The material below holds pictures; leave them out and reproduce exactly the lines from the one with "1000 Piece Jigsaw" through the one with "4th of July", inclusive.

§ §

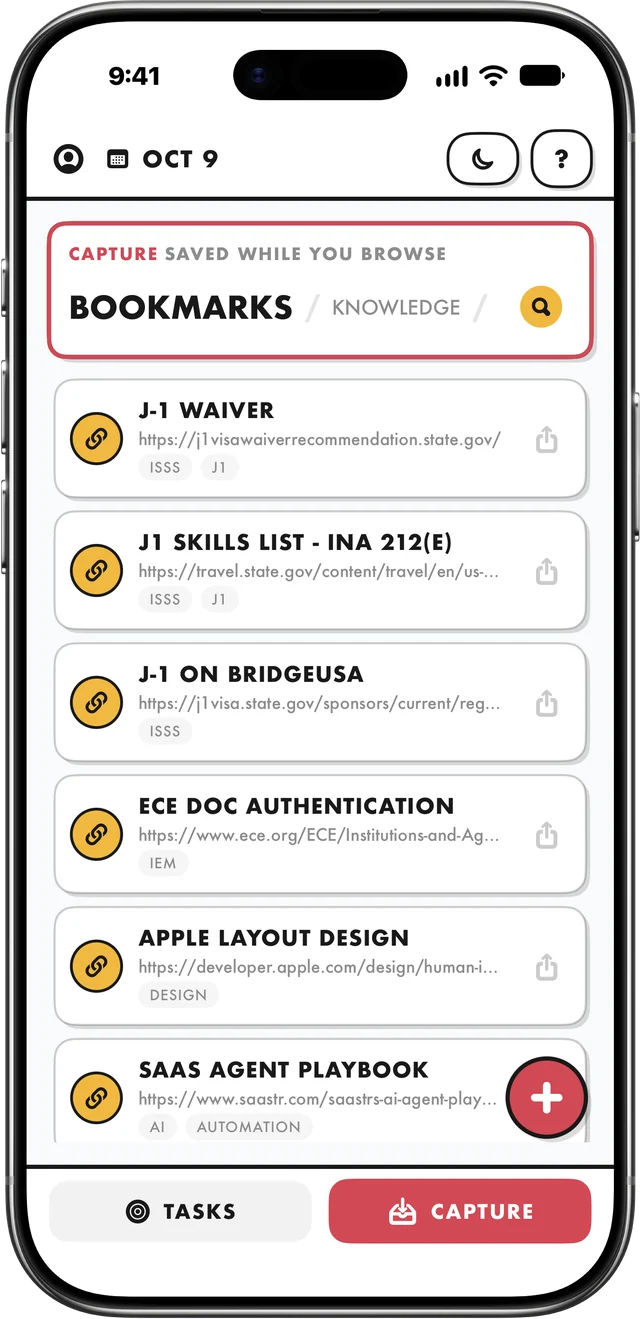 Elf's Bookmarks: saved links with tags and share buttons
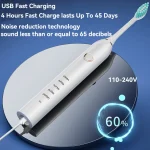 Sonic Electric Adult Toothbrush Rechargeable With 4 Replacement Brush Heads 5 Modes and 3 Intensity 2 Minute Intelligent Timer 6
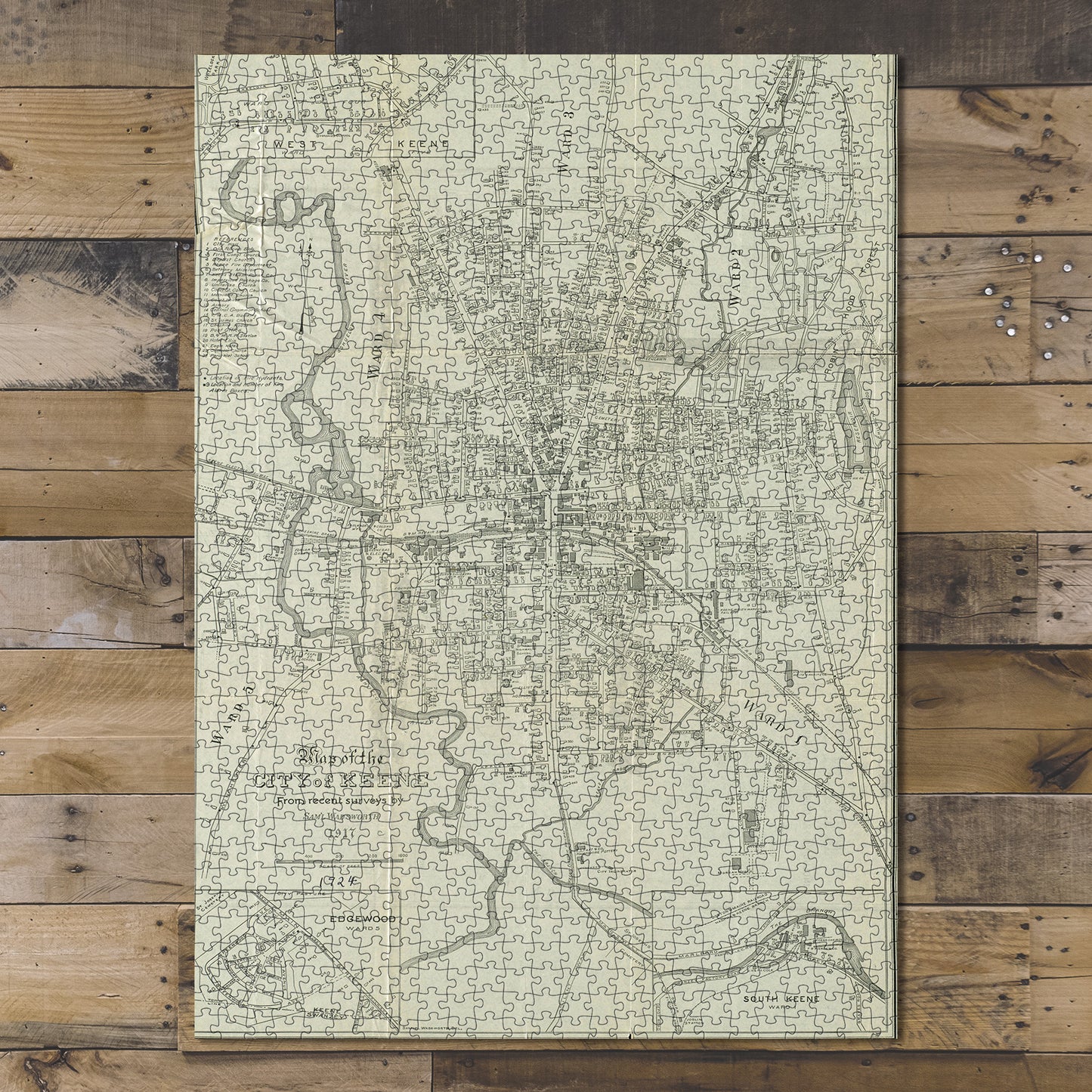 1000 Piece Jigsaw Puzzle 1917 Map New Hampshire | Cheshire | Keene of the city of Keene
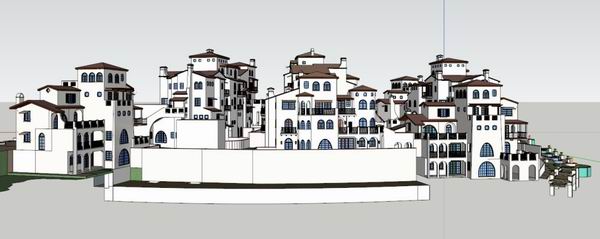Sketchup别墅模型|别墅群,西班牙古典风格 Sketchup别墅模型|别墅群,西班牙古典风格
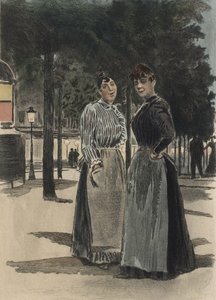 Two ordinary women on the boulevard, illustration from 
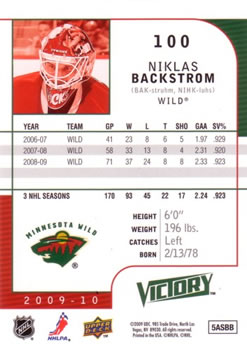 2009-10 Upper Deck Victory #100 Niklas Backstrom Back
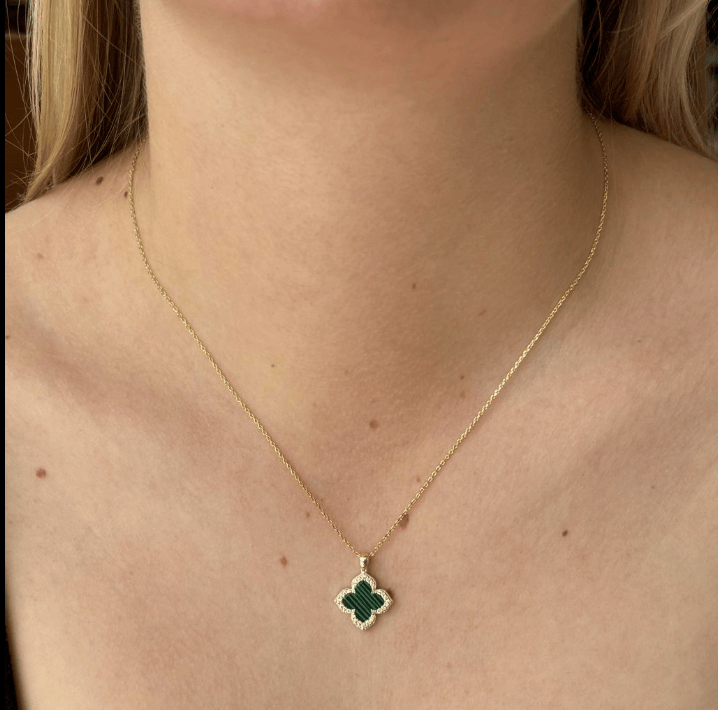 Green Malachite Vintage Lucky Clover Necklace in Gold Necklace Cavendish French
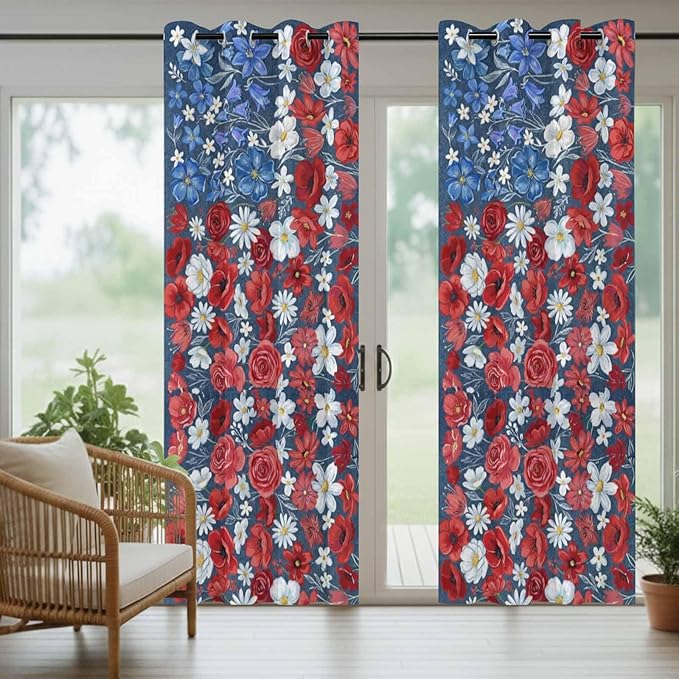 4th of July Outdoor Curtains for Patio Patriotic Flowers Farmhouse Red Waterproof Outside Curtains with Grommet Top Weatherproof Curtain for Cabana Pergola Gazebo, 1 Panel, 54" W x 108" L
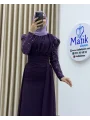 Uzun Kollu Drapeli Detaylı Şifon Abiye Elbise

§ §

Solution to the exercise:
 1000 Piece Jigsaw Puzzle 1917 Map New Hampshire | Cheshire | Keene of the city of Keene
Sketchup别墅模型|别墅群,西班牙古典风格 Sketchup别墅模型|别墅群,西班牙古典风格
 Two ordinary women on the boulevard, illustration from 
 2009-10 Upper Deck Victory #100 Niklas Backstrom Back
 Green Malachite Vintage Lucky Clover Necklace in Gold Necklace Cavendish French
 4th of July Outdoor Curtains for Patio Patriotic Flowers Farmhouse Red Waterproof Outside Curtains with Grommet Top Weatherproof Curtain for Cabana Pergola Gazebo, 1 Panel, 54" W x 108" L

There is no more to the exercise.